**Your assignment**
After locating the line that contains "Thorne Ribbed Top - Charcoal" in the records below, write out exactly that line and each line after it through the one that contains "Rock n Roll", and nothing else.

**Caption-style text data**

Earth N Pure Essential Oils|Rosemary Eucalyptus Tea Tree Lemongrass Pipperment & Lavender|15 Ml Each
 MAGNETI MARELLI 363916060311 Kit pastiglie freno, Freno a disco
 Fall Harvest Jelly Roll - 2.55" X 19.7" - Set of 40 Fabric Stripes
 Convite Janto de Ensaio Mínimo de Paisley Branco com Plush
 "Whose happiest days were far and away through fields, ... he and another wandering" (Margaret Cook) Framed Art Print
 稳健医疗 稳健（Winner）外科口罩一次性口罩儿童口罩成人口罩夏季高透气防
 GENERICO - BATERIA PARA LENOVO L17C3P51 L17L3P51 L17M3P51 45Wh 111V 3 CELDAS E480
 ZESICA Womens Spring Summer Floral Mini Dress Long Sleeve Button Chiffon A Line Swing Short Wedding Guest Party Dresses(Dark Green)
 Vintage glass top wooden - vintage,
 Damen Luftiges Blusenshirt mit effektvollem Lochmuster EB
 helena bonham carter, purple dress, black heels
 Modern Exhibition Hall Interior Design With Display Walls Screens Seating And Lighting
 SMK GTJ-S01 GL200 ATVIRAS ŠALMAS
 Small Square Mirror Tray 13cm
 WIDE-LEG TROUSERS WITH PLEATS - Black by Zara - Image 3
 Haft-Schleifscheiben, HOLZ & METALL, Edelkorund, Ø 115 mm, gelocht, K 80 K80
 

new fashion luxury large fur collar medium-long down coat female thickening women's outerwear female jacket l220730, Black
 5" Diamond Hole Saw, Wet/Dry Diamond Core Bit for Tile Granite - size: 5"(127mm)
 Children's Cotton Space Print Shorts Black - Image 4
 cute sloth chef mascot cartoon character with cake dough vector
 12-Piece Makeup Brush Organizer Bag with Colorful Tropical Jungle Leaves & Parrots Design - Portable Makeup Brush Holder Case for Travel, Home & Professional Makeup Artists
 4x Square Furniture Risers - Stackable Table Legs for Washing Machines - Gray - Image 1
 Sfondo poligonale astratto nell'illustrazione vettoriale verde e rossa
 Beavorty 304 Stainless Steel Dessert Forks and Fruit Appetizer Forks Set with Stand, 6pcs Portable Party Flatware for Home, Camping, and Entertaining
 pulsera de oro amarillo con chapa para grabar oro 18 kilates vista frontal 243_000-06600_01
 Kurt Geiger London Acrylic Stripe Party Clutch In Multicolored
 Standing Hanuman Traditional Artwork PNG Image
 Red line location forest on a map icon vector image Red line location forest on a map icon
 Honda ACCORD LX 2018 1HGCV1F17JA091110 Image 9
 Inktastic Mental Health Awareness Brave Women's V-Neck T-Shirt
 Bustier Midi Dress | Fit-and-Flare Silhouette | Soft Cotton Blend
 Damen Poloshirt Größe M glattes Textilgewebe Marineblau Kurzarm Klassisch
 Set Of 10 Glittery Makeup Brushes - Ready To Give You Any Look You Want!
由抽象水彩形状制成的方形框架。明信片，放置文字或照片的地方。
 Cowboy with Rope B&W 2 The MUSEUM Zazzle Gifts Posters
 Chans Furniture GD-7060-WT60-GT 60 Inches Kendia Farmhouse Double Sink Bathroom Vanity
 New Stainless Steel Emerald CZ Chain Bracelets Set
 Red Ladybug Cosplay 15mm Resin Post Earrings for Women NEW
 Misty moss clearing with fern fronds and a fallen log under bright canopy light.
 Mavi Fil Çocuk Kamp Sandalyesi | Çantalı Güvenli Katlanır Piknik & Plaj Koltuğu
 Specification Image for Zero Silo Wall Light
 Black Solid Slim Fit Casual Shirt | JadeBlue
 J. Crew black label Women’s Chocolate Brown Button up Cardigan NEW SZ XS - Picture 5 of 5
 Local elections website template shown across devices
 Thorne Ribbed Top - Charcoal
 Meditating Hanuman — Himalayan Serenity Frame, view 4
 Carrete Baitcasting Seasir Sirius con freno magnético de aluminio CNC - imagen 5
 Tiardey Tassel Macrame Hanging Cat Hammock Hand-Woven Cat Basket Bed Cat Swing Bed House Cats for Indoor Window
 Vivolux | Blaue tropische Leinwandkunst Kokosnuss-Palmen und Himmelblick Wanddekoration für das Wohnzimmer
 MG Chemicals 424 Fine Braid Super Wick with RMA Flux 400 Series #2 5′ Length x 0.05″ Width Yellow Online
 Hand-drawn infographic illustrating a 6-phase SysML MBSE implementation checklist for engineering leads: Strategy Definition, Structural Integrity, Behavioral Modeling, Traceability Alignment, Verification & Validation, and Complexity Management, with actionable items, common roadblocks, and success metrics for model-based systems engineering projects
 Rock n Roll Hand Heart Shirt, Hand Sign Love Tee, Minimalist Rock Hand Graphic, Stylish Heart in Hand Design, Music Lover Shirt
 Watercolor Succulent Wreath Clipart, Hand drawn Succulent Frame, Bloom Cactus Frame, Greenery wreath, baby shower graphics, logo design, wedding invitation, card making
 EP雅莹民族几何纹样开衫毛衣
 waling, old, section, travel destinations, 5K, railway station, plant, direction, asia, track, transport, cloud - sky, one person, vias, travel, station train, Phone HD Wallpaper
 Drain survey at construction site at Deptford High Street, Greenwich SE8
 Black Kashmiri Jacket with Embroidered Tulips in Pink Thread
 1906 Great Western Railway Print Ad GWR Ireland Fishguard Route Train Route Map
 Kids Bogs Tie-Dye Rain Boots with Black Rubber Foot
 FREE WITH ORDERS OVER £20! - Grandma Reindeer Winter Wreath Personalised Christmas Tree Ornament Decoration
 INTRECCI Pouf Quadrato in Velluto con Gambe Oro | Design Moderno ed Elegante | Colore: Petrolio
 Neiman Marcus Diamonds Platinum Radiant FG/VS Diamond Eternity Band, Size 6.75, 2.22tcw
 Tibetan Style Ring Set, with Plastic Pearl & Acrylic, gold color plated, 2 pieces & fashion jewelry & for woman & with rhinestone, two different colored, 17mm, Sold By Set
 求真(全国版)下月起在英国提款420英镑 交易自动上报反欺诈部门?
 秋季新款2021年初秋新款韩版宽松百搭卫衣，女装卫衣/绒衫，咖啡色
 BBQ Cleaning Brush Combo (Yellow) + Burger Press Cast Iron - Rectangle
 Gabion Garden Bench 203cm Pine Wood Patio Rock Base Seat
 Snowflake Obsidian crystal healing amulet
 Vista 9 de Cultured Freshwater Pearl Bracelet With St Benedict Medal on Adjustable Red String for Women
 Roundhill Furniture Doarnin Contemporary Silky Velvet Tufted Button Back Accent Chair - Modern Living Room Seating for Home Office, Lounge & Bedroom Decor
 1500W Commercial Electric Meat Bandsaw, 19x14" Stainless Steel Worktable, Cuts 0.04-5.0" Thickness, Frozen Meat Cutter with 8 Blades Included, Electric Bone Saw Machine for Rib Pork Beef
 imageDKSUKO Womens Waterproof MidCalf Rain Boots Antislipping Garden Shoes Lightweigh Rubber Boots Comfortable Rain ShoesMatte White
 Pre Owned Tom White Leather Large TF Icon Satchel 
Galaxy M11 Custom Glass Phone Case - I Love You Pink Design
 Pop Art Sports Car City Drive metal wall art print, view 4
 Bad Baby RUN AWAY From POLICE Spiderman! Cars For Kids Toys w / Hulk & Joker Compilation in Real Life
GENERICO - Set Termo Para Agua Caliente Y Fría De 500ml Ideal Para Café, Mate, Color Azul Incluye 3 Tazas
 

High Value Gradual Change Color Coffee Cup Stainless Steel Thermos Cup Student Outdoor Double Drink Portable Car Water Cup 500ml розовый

**Exercise answer**
 Thorne Ribbed Top - Charcoal
 Meditating Hanuman — Himalayan Serenity Frame, view 4
 Carrete Baitcasting Seasir Sirius con freno magnético de aluminio CNC - imagen 5
 Tiardey Tassel Macrame Hanging Cat Hammock Hand-Woven Cat Basket Bed Cat Swing Bed House Cats for Indoor Window
 Vivolux | Blaue tropische Leinwandkunst Kokosnuss-Palmen und Himmelblick Wanddekoration für das Wohnzimmer
 MG Chemicals 424 Fine Braid Super Wick with RMA Flux 400 Series #2 5′ Length x 0.05″ Width Yellow Online
 Hand-drawn infographic illustrating a 6-phase SysML MBSE implementation checklist for engineering leads: Strategy Definition, Structural Integrity, Behavioral Modeling, Traceability Alignment, Verification & Validation, and Complexity Management, with actionable items, common roadblocks, and success metrics for model-based systems engineering projects
 Rock n Roll Hand Heart Shirt, Hand Sign Love Tee, Minimalist Rock Hand Graphic, Stylish Heart in Hand Design, Music Lover Shirt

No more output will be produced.